Trwają poszukiwania ponad 100 osób, które zasypała lawina w bazie na lodowcu Siaczen na granicy z Indiami. Blisko 40 godzin po wypadku nadal nie odnaleziono ofiar - podała pakistańska armia.

Ekipa ratunkowa przeszukuje teren zasypany przez lawinę przy wsparciu śmigłowców i ciężkiego sprzętu. Warstwa śniegu, która spadła w okolicach bazy, sięga miejscami 25 metrów.

Nie ma nadziei, ani żadnej szansy na odnalezienie kogoś żywego - powiedział agencji AFP pułkownik Sher Khan. W tych warunkach można przeżyć od pięciu do dziesięciu minut - dodał.

Lawina zeszła na bazę w sobotę około godz. 6 rano. Akcja ratunkowa została zawieszona w sobotę wieczorem ze względu na zmrok i złe warunki pogodowe. Oficer, który pragnął pozostać anonimowy, powiedział agencji AFP, że poszukiwania ciał ofiar potrwają wiele dni.

Tysiące żołnierzy pakistańskich i indyjskich stacjonuje na granicznym lodowcu Siaczen, często określanym mianem najwyżej położonego pola walki między dwoma krajami w konflikcie o Kaszmir. W 1984 roku lodowiec był miejscem krwawych starć.

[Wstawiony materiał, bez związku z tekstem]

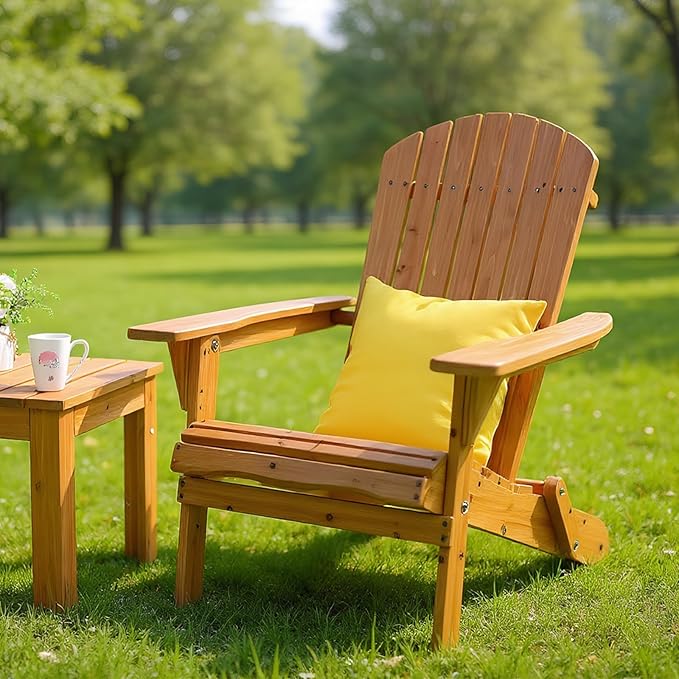 VINGLI Folding Adirondack Chairs Set of 6, Wood Adirondack Chair for Outdoor, Foldable Fire Pit Chairs for Patio, BBQ, Porch, Yard, Pool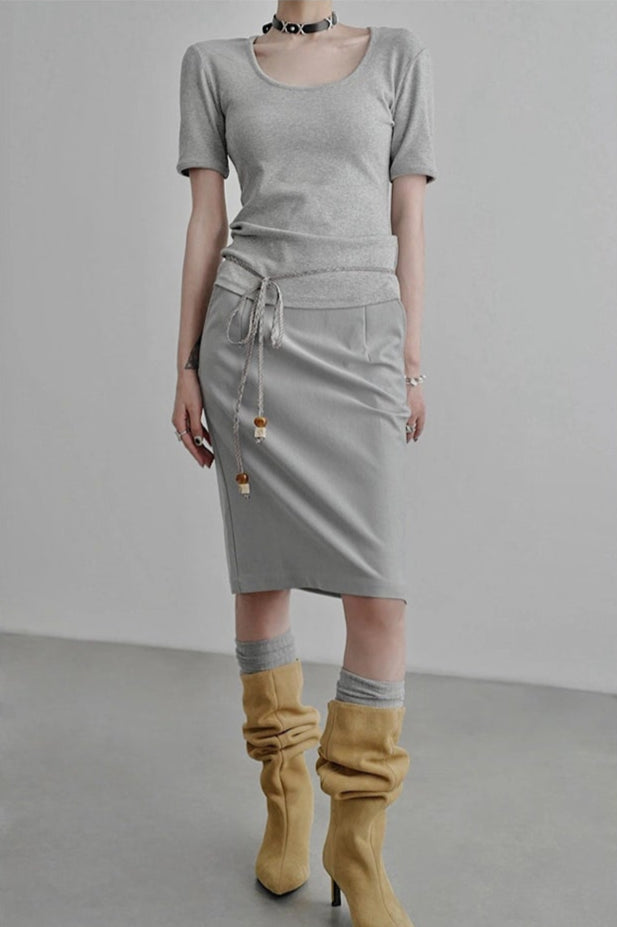 中長直筒裙 B4256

Siaczen leży na północno-wschodnim odcinku linii kontroli między Pakistanem a Indiami, za rzeką Indus i za Himalajami, gdzie zaczynają się góry Karakorum. Linia kontroli wspina się tam na gigantyczny lodowiec - mający długość ponad 80 kilometrów - i przecina go na wysokości sześciu tysięcy metrów.

Mimo że zimą temperatura spada tam do minus 50 stopni Celsjusza, zarówno Indie, jak i Pakistan utrzymują tam posterunki wojskowe.